Check the state of a High Availability Group

This dashboard shows detailed health and replication telemetry for a single Always On Availability Group (AG). Use it to verify replica roles, track failovers, monitor data movement, and identify databases that need attention.

Top: AG summary

  • Availability Group: AG name
  • Primary Replica: current primary replica host
  • Secondary Replicas: configured secondaries
  • Total Nodes: count of configured replicas
  • Online Nodes: replicas currently online and reachable
  • N. Databases: number of databases in the AG
  • Synchronization Health: overall sync state for the AG
  • Listener Name: cluster listener DNS name (if configured)
  • Listener IP: listener IP address(es)

Primary Replica Failovers timeline

  • A timeline that shows which replica was primary at each point in time.
  • Use it to review recent failovers and to correlate role changes with events or performance anomalies.

Availability Group Nodes table

  • Replica Instance: instance name for each replica
  • Replica role: Primary / Secondary
  • Sync.
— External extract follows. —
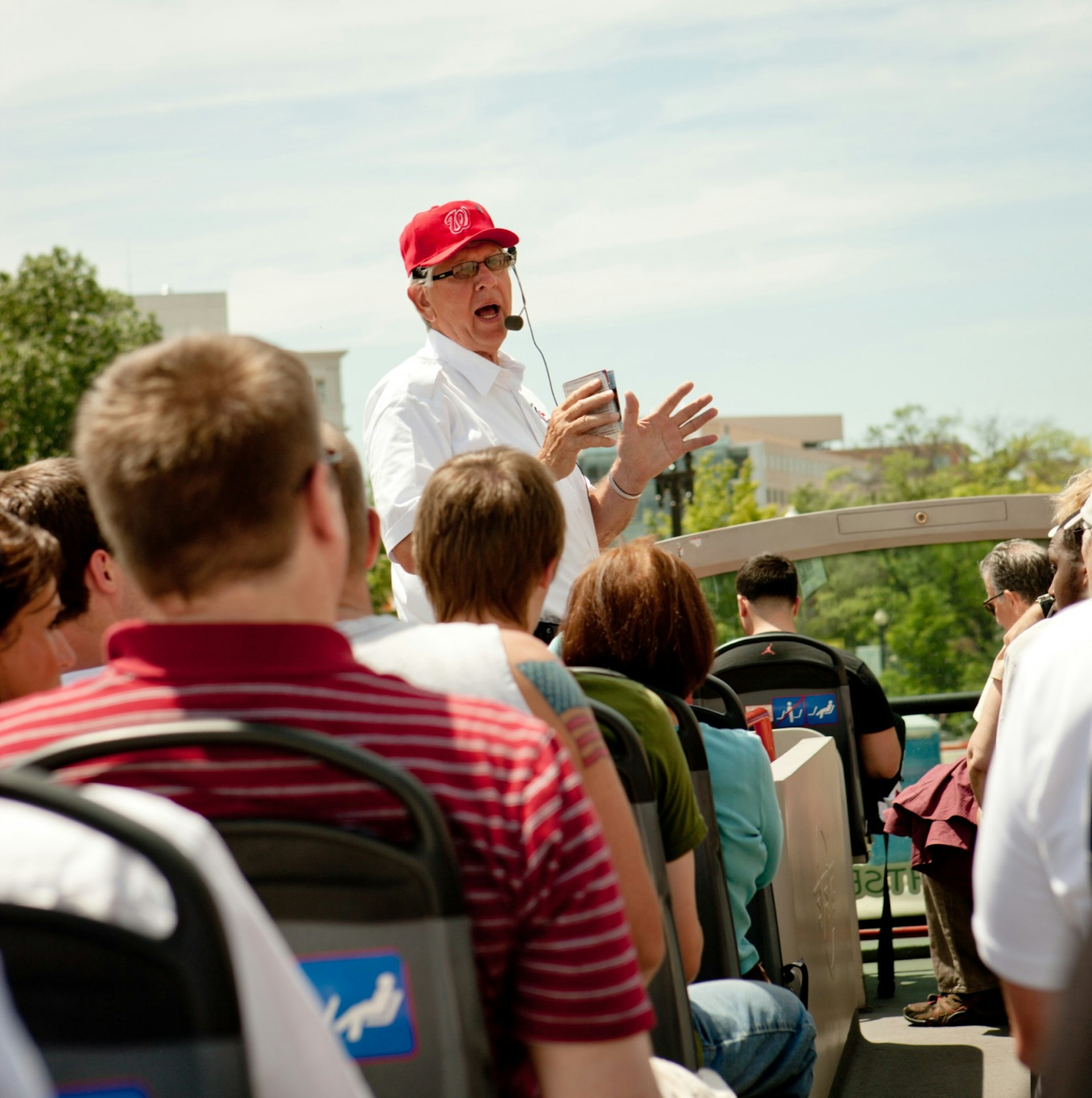 Tour guide talking about Washington to tourists on the top level of an open-air bus. The guide is wearing a red baseball cap and white shirt. The passengers backs are to the camera and it is a sunny day.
Health: per-replica synchronization status
  • Availability Mode: synchronous / asynchronous
  • Failover Mode: automatic / manual
  • Seeding Mode: automatic / manual
  • Secondary Allow Connections: read-intent settings for secondaries
  • Backup Priority: priority used for backup routing
  • Endpoint URL: data movement endpoint
  • R/O Routing URL: read-only routing address (if configured)
  • R/W Routing URL: read-write routing address (if configured)

Nodes KPIs and online history

  • KPIs: Total Nodes and Offline Nodes for quick situational awareness.
  • Online Nodes chart: time-series showing the number of online replicas over the selected interval to spot outages or flapping nodes.

Transfer rates and queues

  • Transfer Rates chart: Send Rate (how fast the primary sends changes) and Redo Rate (how fast secondaries apply changes). Use to spot slow secondaries or network saturation.
  • Transfer Queue Size chart: Send Queue Size and Redo Queue Size. Growing queues indicate replication lag or bottlenecks that may affect failover readiness.

Health history charts

  • Online node history: online vs total nodes over time to visualize availability trends.
  • Database Health History: healthy databases vs total databases to track when databases become unsynchronized or unhealthy.

Databases Replication Status table

  • SQL Instance: instance hosting the database replica
  • Database Name: database name
  • Sync. Health: synchronization status for the database
  • Is Primary Replica: indicates whether this row is the primary
  • Availability Mode: database-level availability mode (inherits from AG)

Usage and investigation tips

  • Correlate failover times with primary timeline and with performance metrics (CPU, I/O) to find causes of role changes.
  • Increasing send/redo queues or sustained low redo rates often point to network, disk, or resource contention on secondaries — investigate those hosts before initiating failover or taking corrective action.